Fan Commentary: Yoon Mi Rae and Sony Pictures

Fan Commentary: Yoon Mi Rae and Sony Pictures
YOONMIRAE_Promo_kpopfans
Yoon Mi Rae (Tasha)

The recent legal entanglement between Yoon Mi Rae (also known as Tasha) and Sony Pictures prompted K-pop fans to express their opinions about copyright, permission and global corporations.

In “Yoon Mi Rae to Take Legal Action Against Sony Pictures for Using Her Song in ‘The Interview’ Without Permission,” Soompi writer kiddy_days writes that Yoon, legendary singer and rapper in Korean popular music who is also married to veteran rapper Tiger JK, intends to sue Sony Pictures. The story reveals that Yoon’s agency, Feel Ghood Music, began talks to include Yoon’s track, “Pay Day” in the film, but Yoon contends that those talks ended with no resolution.

Comments following the story reveal that fans are concerned with issues of copyright. They also critique globalization which makes the use of copyright material easier. As of January 11, 2015, 182 comments were posted to the story.

Commenters raise the lawsuit to the level of South Korean-US dynamics. Some, like Tricia Powrie, believe that Sony’s behavior mirrors the behavior of South Korean entertainment agencies in the unauthorized use of copyrighted material:

Gross this is upsetting to hear. How much does asia and Korea included steal Americas stuff without a care in the world for copyright? This is rediculous [sp]. I hope she loses. She defenitly [sp] will lose fans or could be fans from America.

Others, like Ann Marie Hake Hughes, question the assumption that Korean agencies do not pay to use American material:

What makes you think the k dramas don’t have the rights to the songs? If they didn’t, Netflix, drama fever and Hulu would be in trouble for airing them. That’s actually something that keeps movies and old TV shows from airing on those services — lack of rights for the music.
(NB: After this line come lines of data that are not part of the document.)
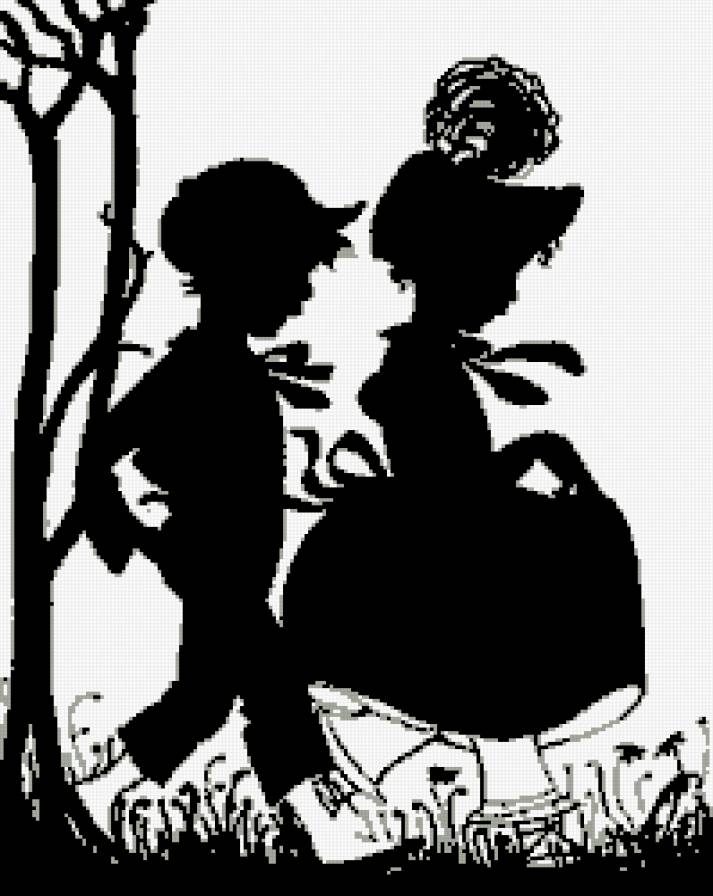 пара монохрм - чорнобелое, мальчик, дети, монохром, девочка, пара - предпросмотр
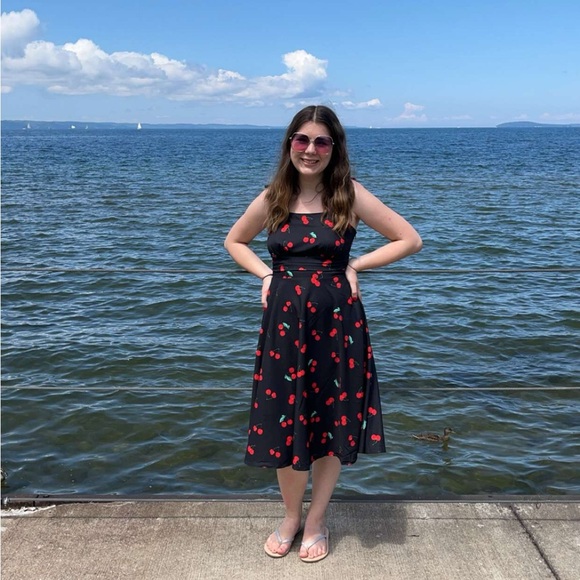 Black Cherry Print Dress - Picture 3 of 3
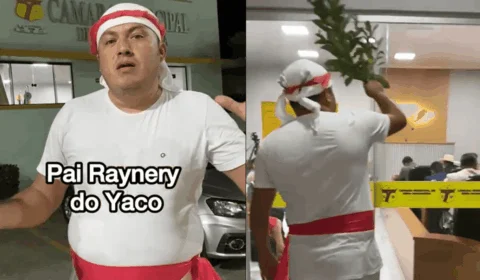 VÍDEO: após briga entre vereadores no Acre, humorista “benze” Câmara vestido de pai de santo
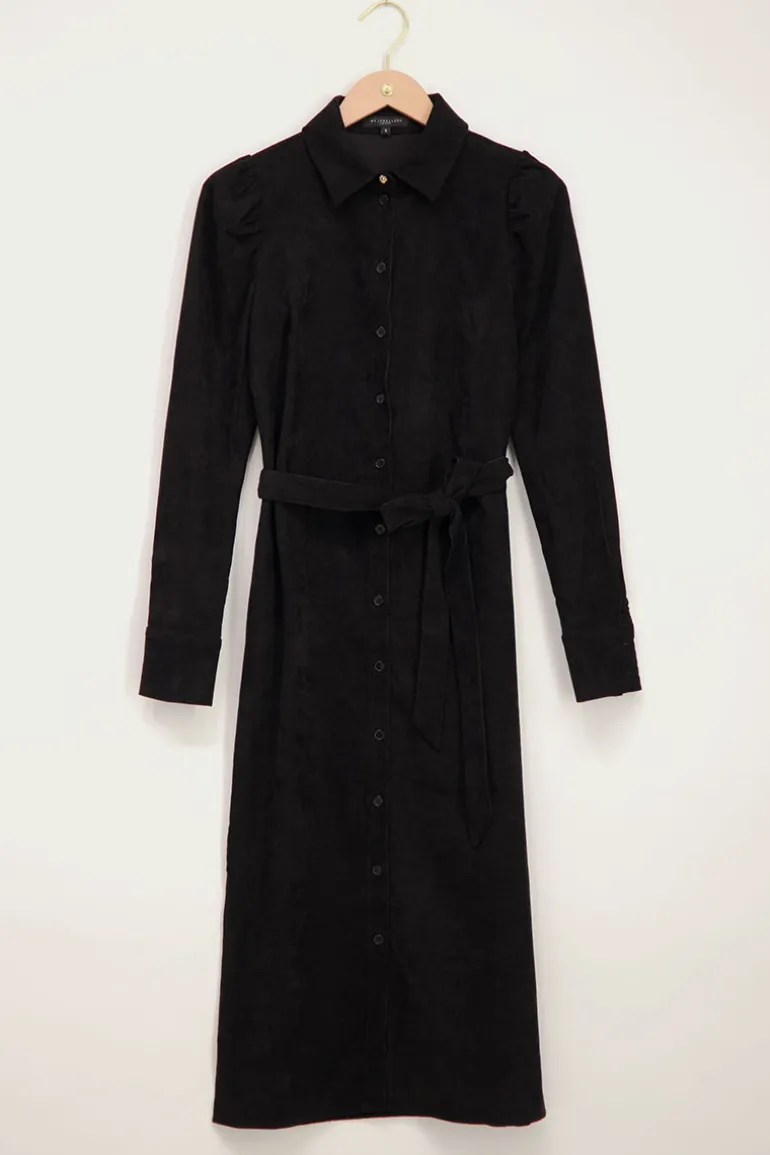 Robe Midi Noire Côtelée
Whatever your assumptions are about Korea, broadcasting in the USA is a whole different ballgame and the big players wouldn’t stream anything without it being legal.

Other commenters focus on Yoon’s status and motives as an artist. In another comment, Powrie suggests that Yoon is an unknown artist looking to benefit from her lawsuit:

Barely anyone even knows her name and Now shes going to sue. Hah. Its just rediculous [sp] Shes just doing it to get her name out and its sickening.

However, commenters like Ryan Seo, seek to provide some context for Yoon’s motives:

For somebody who hasnt heard about her, she was selected the 12th best new female emcees dominating mics worldwide by MTV Iggy in 2011. She is worldwide female hip hop singer. For somebody who is bitching about her suing Sony, talking about free publicity or whatever, educate your dumb self. She doesnt need any publicity.

Other commenters question the legality of Yoon’s own song. Xslol suggests that Yoon used someone else’s material for “Pay Day”:

Uh so what if her song was actually taken from someone else who took the song from somewhere else? How can she sue if she’s not even the original and also did not ask permission ?

In response, commenters like Lawyerfor13Years parse the difference between sampling, plagiarism and copyright infringement:

Using someone elses copyrighted song without a legal contract is against the law and sony knows it.  “Sampling” in music is not considered copyright infringment [sp] if the sample is under 20 seconds. Most rap artists use samples in songs. Many will pay the original artist a small fee to be able to use the sample. So it doesnt matter if her song had a sample of someone elses song in it. If its under 20 seconds or she paid the original artist, it can become a part of her song legally. Sony using her song for 2+ minutes in the movie does not constitute use of a sample, and I am positive she will win a large settlement in court.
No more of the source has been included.